Dollar Tree currently operates 16,077 stores throughout North America. In addition to the Dollar Tree brand, the company also runs Family Dollar stores, which it purchased in 2015. The company opened 174 new stores, expanded or relocated 24 stores, and closed 65 stores. Additionally, the company completed 23 Family Dollar store renovations. Dollar tree projects 590 new store openings by the end of the fiscal year, with 800 Family dollar stores being renovated before the end of fiscal 2022.
Dollar Tree, Inc. (DLTR) shares ended the week at $147.02, up 2.5% for the week.
The Dow started the week of 3/7 at 33,580 and closed at 32,944 on 3/11. The S&P 500 started the week at 4,327 and closed at 4,204. The NASDAQ opened the week at 13,328 and closed at 12,844.
Treasury Yields Increase
U.S. Treasury yields climbed above 2% throughout the week as spiking oil prices cause inflation to rise and investors continue to monitor the latest developments around the Russia-Ukraine war.
On Thursday, the U.S. Department of Labor announced that the consumer price index, which measures the costs of dozens of everyday consumer goods, increased 7.9% over the past 12 months, marking a 40-year high. On a month-over-month basis, the CPI gain was 0.8%.
"Thursday's inflation data is continued confirmation that inflation is not transitory and has not peaked," said chief investment officer at Blanke Schein Wealth Management, Robert Schein. "We believe there will be even stronger inflation reports over the coming months, which suggests that the Federal Reserve needs to accelerate its rate hike plans, even with the renewed uncertainty that has emerged from the crisis in Russia and Ukraine."
The benchmark 10-year Treasury note yield opened the week of 3/7 at 1.732% and traded as high as 2.021% on Thursday. The 30-year Treasury bond yield opened the week at 2.161% and traded as high as 2.404% on Thursday.
On Thursday, the U.S. Department of Labor reported that initial claims for unemployment insurance totaled 227,000. This was worse than market estimates of 217,000 and was an increase from the prior week's revised number of 216,000.

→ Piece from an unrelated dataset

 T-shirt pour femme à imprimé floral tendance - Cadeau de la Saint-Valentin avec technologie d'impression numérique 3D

"With seemingly no shortage of sources of turmoil in our world, the U.S. job market has, at least so far, remained a source of relative strength and stability," said senior economic analyst for Bankrate, Mark Hamric. He signaled, however, that although "COVID has relaxed its grip," inflationary pressures are continuing, and potentially growing supply shocks, will have an "inescapable negative impact on the economy."
The 10-year Treasury note yield closed at 1.998% on 3/11, while the 30-year Treasury bond yield was 2.357%.
Mortgage Rates Rise
Freddie Mac released its latest Primary Mortgage Market Survey on Thursday, March 10. The mortgage rates saw an increase this week due largely to rising inflation coupled with the unpredictability of the Russia-Ukraine war.

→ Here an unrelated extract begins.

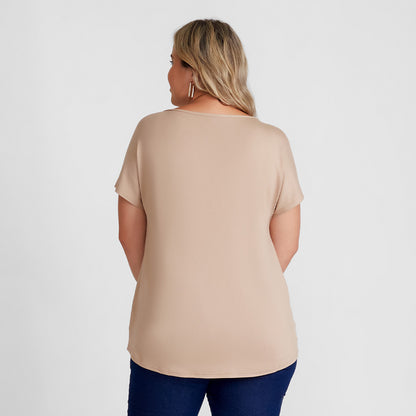 Blusa Ampla Plus Feminina - Bege Claro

This week, the 30-year fixed rate mortgage averaged 3.85%, up from last week's average of 3.76%. Last year at this time, the 30-year fixed rate mortgage averaged 3.05%.
The 15-year fixed rate mortgage averaged 3.09% this week, up from 3.01% last week. During the same week last year, the 15-year fixed rate mortgage averaged 2.38%.

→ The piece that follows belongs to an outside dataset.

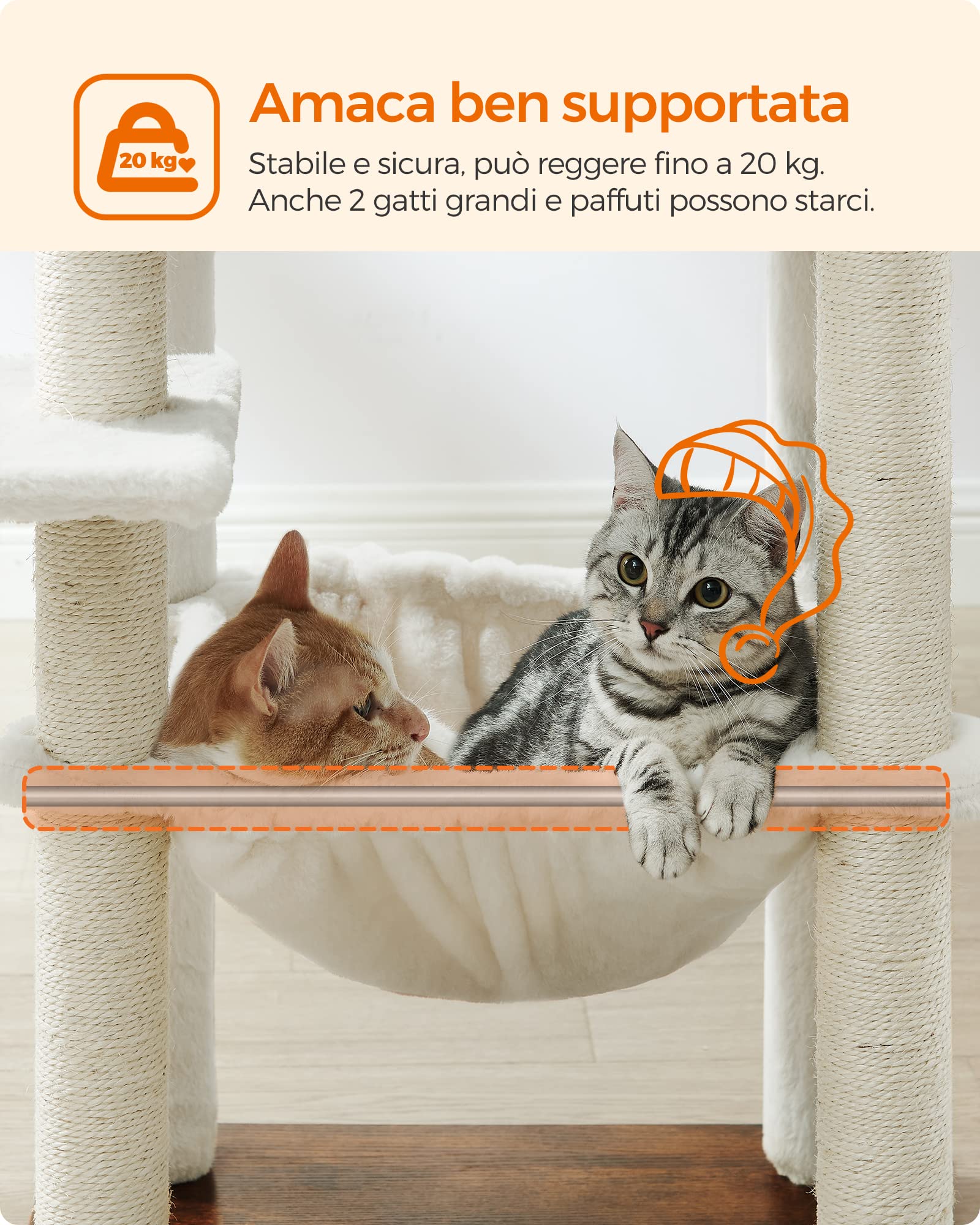 FEANDREA Albero per Gatti, Tiragraffi Moderno 138 cm, Condominio per Gatti a più Livelli con Tiragraffi, Casa sull'Albero con Amaca, Posatoi, Peluche Morbido, Cuscini Lavabili, Marrone Vintage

"Following two weeks of declines, mortgage rates rose this week as U.S. Treasury yields increased," said Freddie Mac's Chief Economist, Sam Khater. "Over the long-term, we expect rates to continue to rise as inflation broadens and shortages increasingly impact many segments of the economy. However, uncertainty about the war in Ukraine is driving rate volatility that likely will continue in the short-term."
Based on published national averages, the savings rate was 0.06% as of 1/18. The one-year CD averaged 0.13%.